If you're researching which supplements may work best, the key is to determine the type of enhancement you’d like.
Sensitivity: One problem people often face during sex is sensitivity. For women, being more sensitive can lead to a higher chance of having an orgasm. For men, less sensitivity can lead to longer sex sessions, while being more sensitive can help with erectile/arousal issues.
Endurance: Sex can be exhausting even before reaching orgasm, and some people worry about being able to last to that point. Endurance is not a question of restraining orgasms but being physically able to keep going as long as you want.
To improve your sexual stamina, you can take many of the same supplements that athletes take for endurance. While these substances don't focus specifically on sexual performance, they do improve the fortitude of the body overall. Caffeine is an example of a common supplement that can help with alertness and endurance.
Energy and vitality: While having sex, it's easy to run out of energy. This is especially common among older people or anyone who enjoys highly spirited sex sessions. Fortunately, improving energy levels is a common goal of many supplements, so you have plenty of options.
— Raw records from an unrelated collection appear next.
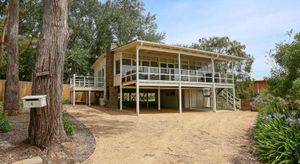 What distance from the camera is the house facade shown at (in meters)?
17.9

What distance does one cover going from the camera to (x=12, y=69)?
12836 mm

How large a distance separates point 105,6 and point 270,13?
2499 cm

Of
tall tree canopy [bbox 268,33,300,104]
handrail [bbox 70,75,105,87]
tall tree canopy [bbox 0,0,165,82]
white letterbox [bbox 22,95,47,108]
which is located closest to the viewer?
white letterbox [bbox 22,95,47,108]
Vitamin B12 and magnesium are readily available supplements that claim to improve your overall amount of energy.
Erection and arousal: Primary hormones, such as testosterone, are largely responsible for erectile dysfunction (ED) and arousal issues, such as low libido.
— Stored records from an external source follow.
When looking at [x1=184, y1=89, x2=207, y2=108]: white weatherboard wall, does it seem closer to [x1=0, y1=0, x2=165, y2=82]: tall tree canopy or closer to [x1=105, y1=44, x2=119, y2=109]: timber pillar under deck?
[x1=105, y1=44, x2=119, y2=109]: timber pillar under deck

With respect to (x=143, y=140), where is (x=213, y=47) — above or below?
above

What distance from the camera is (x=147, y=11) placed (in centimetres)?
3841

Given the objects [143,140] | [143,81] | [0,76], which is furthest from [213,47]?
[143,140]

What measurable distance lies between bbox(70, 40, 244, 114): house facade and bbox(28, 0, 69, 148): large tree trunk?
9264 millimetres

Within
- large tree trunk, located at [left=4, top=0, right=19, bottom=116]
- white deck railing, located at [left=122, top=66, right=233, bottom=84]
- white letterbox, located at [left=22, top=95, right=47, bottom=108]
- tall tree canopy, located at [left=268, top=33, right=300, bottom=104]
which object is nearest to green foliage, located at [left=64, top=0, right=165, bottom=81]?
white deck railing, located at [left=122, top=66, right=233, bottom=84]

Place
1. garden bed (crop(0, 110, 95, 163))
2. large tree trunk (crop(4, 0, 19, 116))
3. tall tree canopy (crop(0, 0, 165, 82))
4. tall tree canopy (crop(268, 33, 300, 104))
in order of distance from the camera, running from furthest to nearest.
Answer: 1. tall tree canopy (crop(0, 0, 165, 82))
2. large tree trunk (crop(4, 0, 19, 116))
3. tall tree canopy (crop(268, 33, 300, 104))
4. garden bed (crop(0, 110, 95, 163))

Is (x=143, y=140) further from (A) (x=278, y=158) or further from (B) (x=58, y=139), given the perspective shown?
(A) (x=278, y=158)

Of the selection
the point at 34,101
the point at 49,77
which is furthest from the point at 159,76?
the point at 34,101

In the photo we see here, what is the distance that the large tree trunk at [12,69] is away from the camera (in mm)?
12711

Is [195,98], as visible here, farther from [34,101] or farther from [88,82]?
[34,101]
A great many supplements, including maca, L-citrulline, fenugreek, dehydroepiandrosterone (DHEA) and ginseng, have a reputation—unapproved by the Food and Drug Administration—for helping with sexual health and performance. Make sure you carry out your own research on these supplements, get the recommendations of friends and, most important, seek the advice of your doctor as to whether they might be effective for you.
Balancing sexual health with overall health
While supplements may help improve your performance in specific situations, an alternative and more effective method would be to improve your overall health. Doing so can alleviate many of the underlying issues—such as diet, exercise and sleep—that have led you to want to take supplements in the first place.
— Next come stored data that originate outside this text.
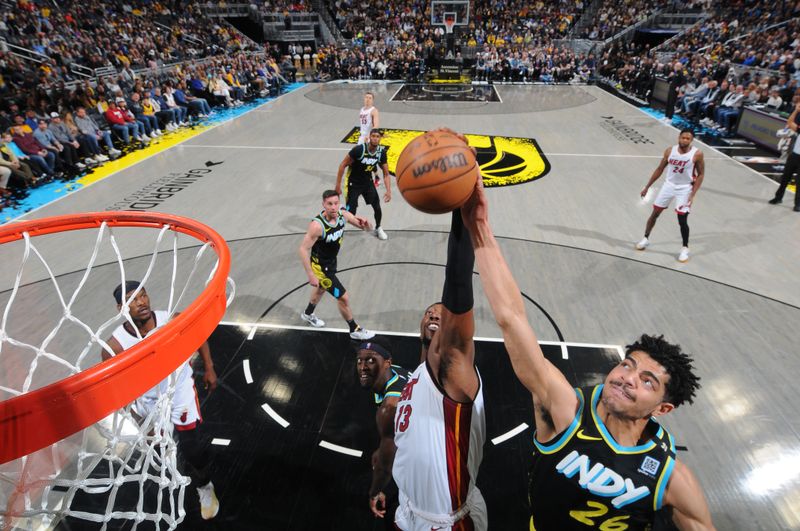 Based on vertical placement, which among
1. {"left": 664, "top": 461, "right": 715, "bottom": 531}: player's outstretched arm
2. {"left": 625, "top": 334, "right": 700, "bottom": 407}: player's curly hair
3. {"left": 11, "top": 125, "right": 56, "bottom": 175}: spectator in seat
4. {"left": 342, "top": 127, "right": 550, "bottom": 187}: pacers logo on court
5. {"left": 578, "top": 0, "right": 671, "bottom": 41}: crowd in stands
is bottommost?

The debate and research regarding the efficacy of supplements are varied and inconclusive, and very few supplements have the approval of the FDA.
If you have sexual issues you believe may be alleviated by supplements, step one is to consult with a medical professional about the appropriate dosage and possible side effects. Step two is to consider making substantial changes to your general health and lifestyle before relying on supplements to address your sexual issues.
Remember that supplements, while not prescribed medications, should be treated as if they were. Always keep your doctor in the loop with any decision you make about your sexual health.
Giddy Notice: Our medical experts have informed us that few supplements of this nature have been approved by the Food and Drug Administration (FDA). That is to say that statements and claims made about the efficacy or possible health benefits of these unapproved supplements have neither been evaluated nor reviewed by the FDA for safety and effectiveness. Furthermore, any statements or claims regarding the supplements are not intended to diagnose, treat, prevent or cure any disease. Our medical experts advise that before you use a supplement in any way, you first consult with your healthcare provider to ensure you have full knowledge of appropriate dosages, if any, as well as any potential side effects or interactions with any prescription medications you're already taking.